The Brain Science Behind Student Trauma
The most remarkable feature of humankind is the flexibility of our brains. This neuroplasticity—or the brain’s ability to adjust its activities in response to new situations—is what has allowed our species to make dramatic changes from generation to generation. Humans have evolved from small hunter-gatherer clans to urban, digitally connected, international communities. The most malleable part of our brain is the neocortex, which can absorb and store more bits of information than the brains of any other species. This capacity for cognitive thinking allowed us to create language, democracy, and thousands of other inventions.
In fact, our most remarkable invention is public education: a structured system to provide the social and cognitive stimulation children need to take advantage of their brain’s malleability and develop knowledge and skills in mathematics, science, and history.

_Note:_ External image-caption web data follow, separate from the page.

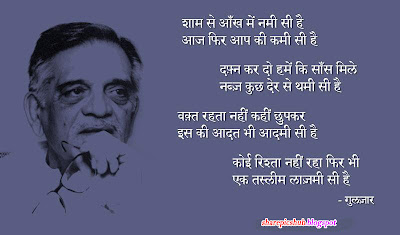 Hindi+Gajal Hindi Gajal http://sharepicshub.blogspot.com/2013/04/gulzar-ghazal ...
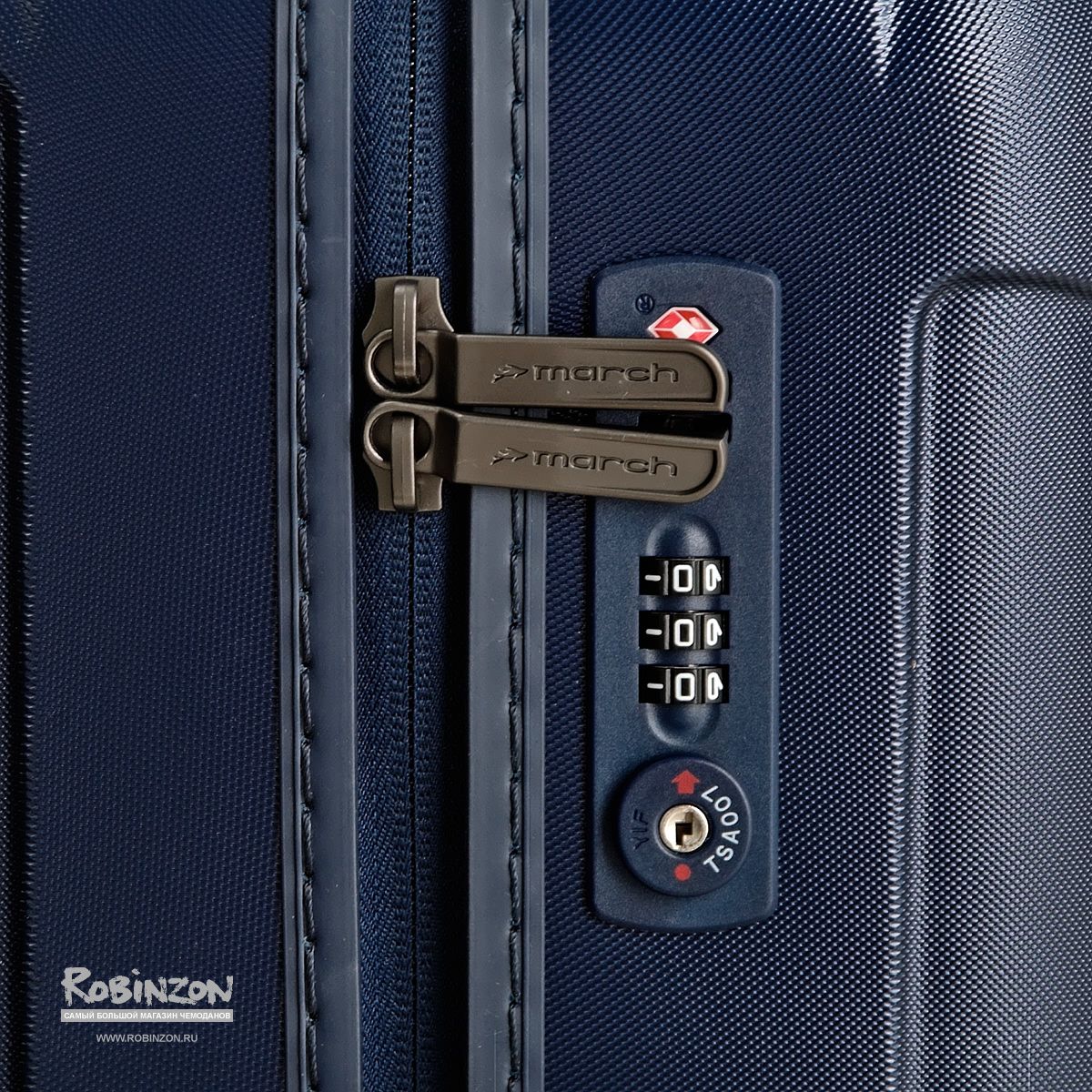 M5000-14-52 Чемодан M5000*52 S March Cosmopolitan - Вид №4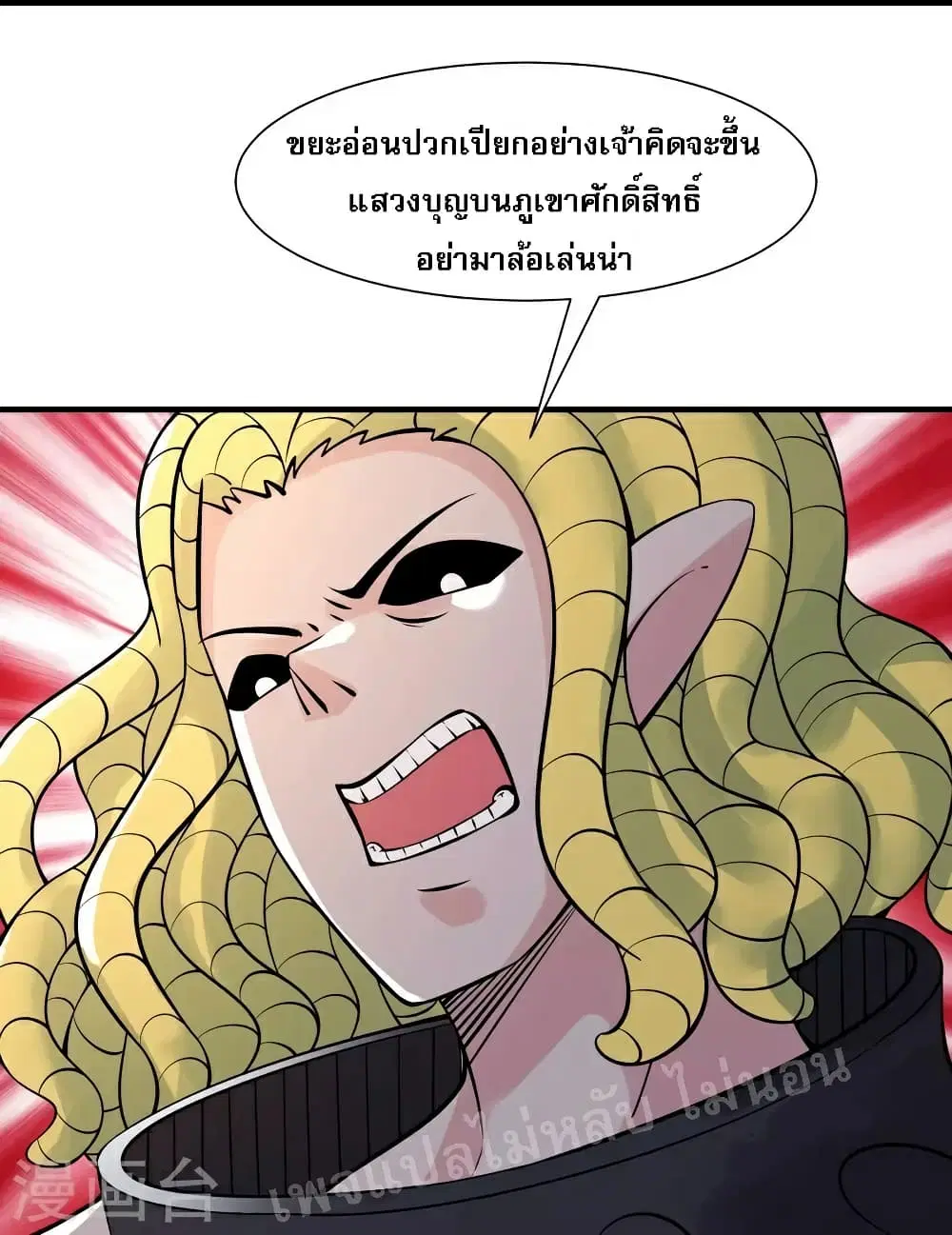 My Harem is All Female Students ตอนที่ 73 หน้า 25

By providing structured cognitive and social experiences, the U.S. public education system has expressed the potential of millions of children, which has, in turn, led to invention, creativity, and productivity that has transformed the world.
The key to the success of any educational experience is the capacity to “get to the cortex.” Yet, each year, nearly one-third of all children attending U.S. public schools will have significantly impaired cortical functioning due to abuse, neglect, domestic violence, poverty, and other adversities. Understanding the effects of trauma on a child’s brain and how these effects alter the ability to learn is essential to improving our public education system.
The brain has a set of crucial neural networks that mediate stress response. When children have attentive caregiving at home and supported emotional, motor, social, and cognitive experiences throughout their early years, they develop a well-regulated stress-response system. This leads to experiences in learning and growth that shape a child in positive ways.